„Vom Wollen zum Können“
Er suchte die Harmonie der Farben. Die Heilung in der Kunst. Er fand seinen Lebenssinn in Natur und Landschaften. Sein Sonnenreich war die Malerei: Kurt Sonn. Unermüdlich arrangierte er seine Bilder in warmen, wohltuenden Farben und fließende Formen. Häuser, Kirchtürme, Höfe und Schuppen. Kantige Brüche oder dunkle Dissonanzen sind eher selten zu erkennen. Seine Sache war das Entdecken und Sehen. Einer, der genau hinschaute, das Spiel der Wolken und den Wechsel der Jahreszeiten. Seine in den Grundtönen rot, braun und gerne mit gelben Sonnentupfern versehenen Landschaftsmotive folgen der expressionistischen Schule. Gabriele Münter und Wassily Kandinsky waren seine Vorbilder. Abstraktion der Natur auf Basis der Romantik. Tendenz zum Kontrast, dünne lasierende, tuschende Malweise. „Vom Wollen zum Können voranschreitend“, wie es im berühmten Manifest von 1916 heißt.

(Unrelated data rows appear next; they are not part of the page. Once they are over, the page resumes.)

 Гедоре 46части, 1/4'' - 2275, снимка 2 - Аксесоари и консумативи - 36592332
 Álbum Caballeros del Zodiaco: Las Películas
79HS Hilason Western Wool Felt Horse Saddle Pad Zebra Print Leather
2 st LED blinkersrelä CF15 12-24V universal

Kurt Sonn fand seine Bestimmung in der Natur. Sein Gegenbild zur zerstörerischen Kraft der Menschheit in Zeiten von maximalen Gewinnstreben, Globalisierung und Digitalisierung. Harmonische Farben und Formen sind seine Antwort auf Ausplünderung des Planeten. Sein Atelier in der (noch) heilen Unberührtheit der lieblichen schwäbischen Heimat inspirierte und beflügelte ihn genau wie seine geliebten mediterranen Motive.

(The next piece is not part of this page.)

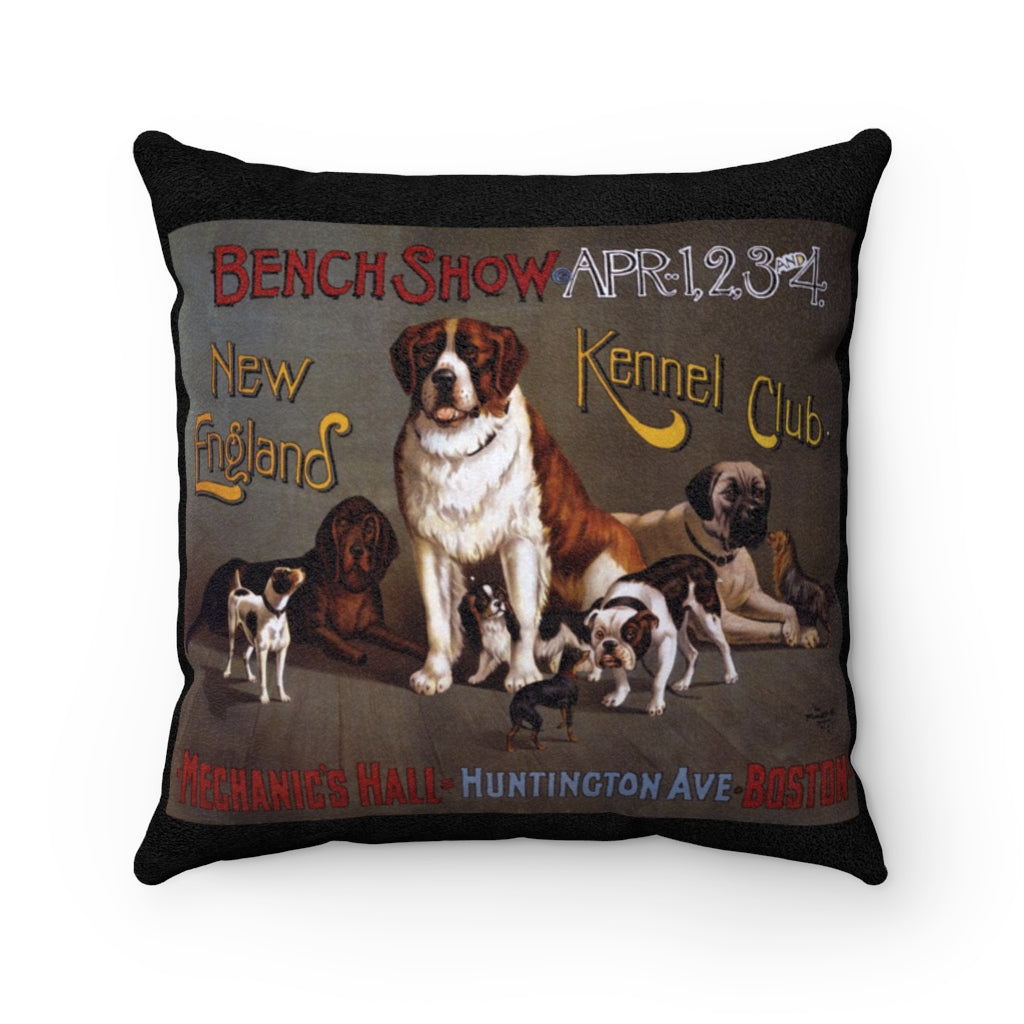 Dog Show Faux Suede Square Pillow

Doch Sonn war kein weltfremder oder naiver Maler. Er suchte Halt im Glauben, erlebte dort Glück wie Verzweiflung. So malte er gegen das Scheitern an. Täglich neu. Immer wieder getrieben, suchend und fluchend. Nach Zeiten der inneren Qual machte er einen großen Sprung – vom Naturabmalen – mehr oder weniger impressionistisch – zum Fühlen des Inhaltes, zum Abstrahieren – um auf das Wesentliche und zum Kern seiner Kunst vorzustoßen.

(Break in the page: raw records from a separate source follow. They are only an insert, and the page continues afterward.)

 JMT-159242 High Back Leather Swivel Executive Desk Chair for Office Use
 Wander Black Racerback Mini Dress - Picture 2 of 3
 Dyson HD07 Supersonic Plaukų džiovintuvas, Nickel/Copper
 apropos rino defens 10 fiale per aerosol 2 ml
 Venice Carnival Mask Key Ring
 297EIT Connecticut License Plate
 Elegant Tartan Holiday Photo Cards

Kurt Sonn (1933 – 2020) war kein medienerprobter Performer im lauten Kunstbetrieb. Zurückgezogen suchte er die richtige Komposition, die passende Mischung von Farben Formen und Figuren. Einer, der stets um den richtigen Ton rang. Ruhig und bescheiden, auf seine Arbeit konzentriert und äußerst konsequent. Er hinterließ mehr als dreitausend Bilder.
„Schau dir die Natur an! Jeder Sonnenuntergang zaubert jeden Abend ein anderes Licht. Sie ist unser größter Lehrmeister“. Einer seiner Sonn-Sätze. Der Künstler malte nicht nur mit Farben, auch mit Tönen und Worten. Am Klavier oder an der Schreibmaschine. Bis zu seinem Tod hat er nahezu jeden Tag ein neues Bild gemalt. In den warmen Kurt-Sonn-Farben, die er so geliebt hat.
Transparenzhinweis: Kurt Sonn war mein Patenonkel. In seinem Atelier posierte ich als Knirps zum Beispiel für eine Märklin-Werbekampagne, mit der er unter anderem den Lebensunterhalt für seine achtköpfige Familie verdiente. Dank dieser Brotjobs konnte er sich die Malerei leisten.